Juventud Rebelde - Diario de la Juventud Cubana

De la valentía y la empatía

Autor:

Ana María Domínguez Cruz

 

Días atrás escuché historias que jamás pensé escuchar. No es que sean imposibles de vivir, sino que me sorprendieron sus rostros, sus voces, sus miradas. Las historias ajenas no duelen tanto como cuando sus protagonistas las comparten contigo, y no me corresponde juzgar a nadie. Solo que ahora, después de oír lo inimaginable, para mí la valentía tiene otras formas.

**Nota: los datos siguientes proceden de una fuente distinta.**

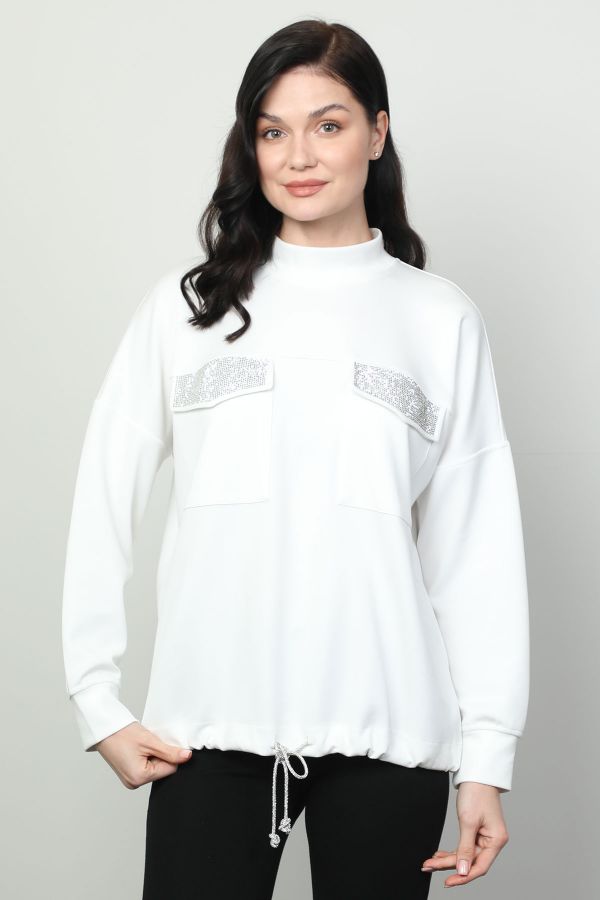 Vazzo&Green Apple 8565 EKRU Kadın Sweatshirt resmi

Decidir emigrar es, quizá, una de las más difíciles decisiones que alguien tome en su vida. Ha sucedido desde que la humanidad existe, porque es completamente natural que las personas, e incluso los animales, se desplacen de un territorio a otro en busca de mejores condiciones para su desarrollo.

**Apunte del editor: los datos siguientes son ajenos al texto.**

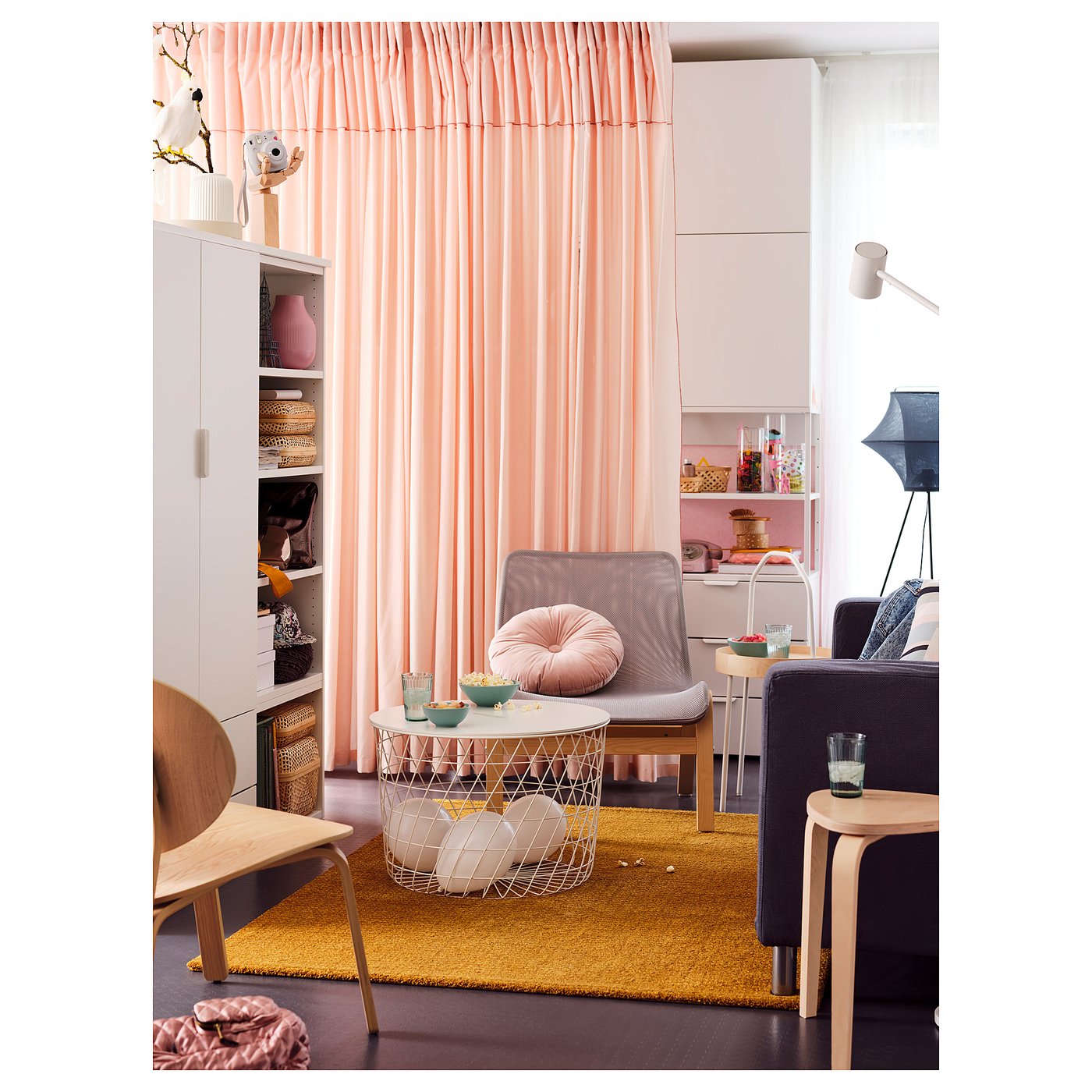 IKEA　LANGSTED ラグ 133x195 cm オレンジ LANGSTED rug, low pile yellow - IKEA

Hoy, millones de personas cruzan fronteras, guiadas por el deseo de ofrecer un futuro más prometedor a sus familias. No les aplaudo que lo hagan de manera ilegal, arriesgándose y arriesgando en muchos casos a menores de edad, pero no dejo de reconocer que son valientes, porque en busca del éxito serán muchos los obstáculos que enfrentarán, y no siempre de manera triunfante.

Aquella mujer me contó de sus seis años trabajando «en lo que apareciera, incluso paleando nieve», durmiendo poco y reuniendo hasta el último centavo para enviarles a sus familiares las conocidas remesas o lo que allá les comprara.

«Ya regreso porque no puedo seguir más tiempo lejos de ellos, de mis hijos, de mis padres. No es fácil tener un estatus legal, y no puedo seguir viviendo bajo la incertidumbre».

Los tres hermanos, muy cerca de ella, también me hablaron de sus vicisitudes en territorio foráneo, sin apenas hablar el idioma y aceptando los trabajos que nadie quiere hacer, «para poder comprarles una casa a nuestros viejos». Y seguramente han comprado más cosas y la garantía de las comodidades materiales les proporciona la fuerza que necesitaban para permanecer allí.

¿Vale la pena? Cada quien tiene la respuesta, porque de alguna forma también poseen una historia de vida que le impulsa o no a tomar esa decisión, pero… para mí es importante compartir la reflexión en torno a ella, porque no son pocos, incluso miembros de la propia familia, quienes piensan que el que se va, siempre estará bien, y entonces la lista de pedidos de compras es interminable.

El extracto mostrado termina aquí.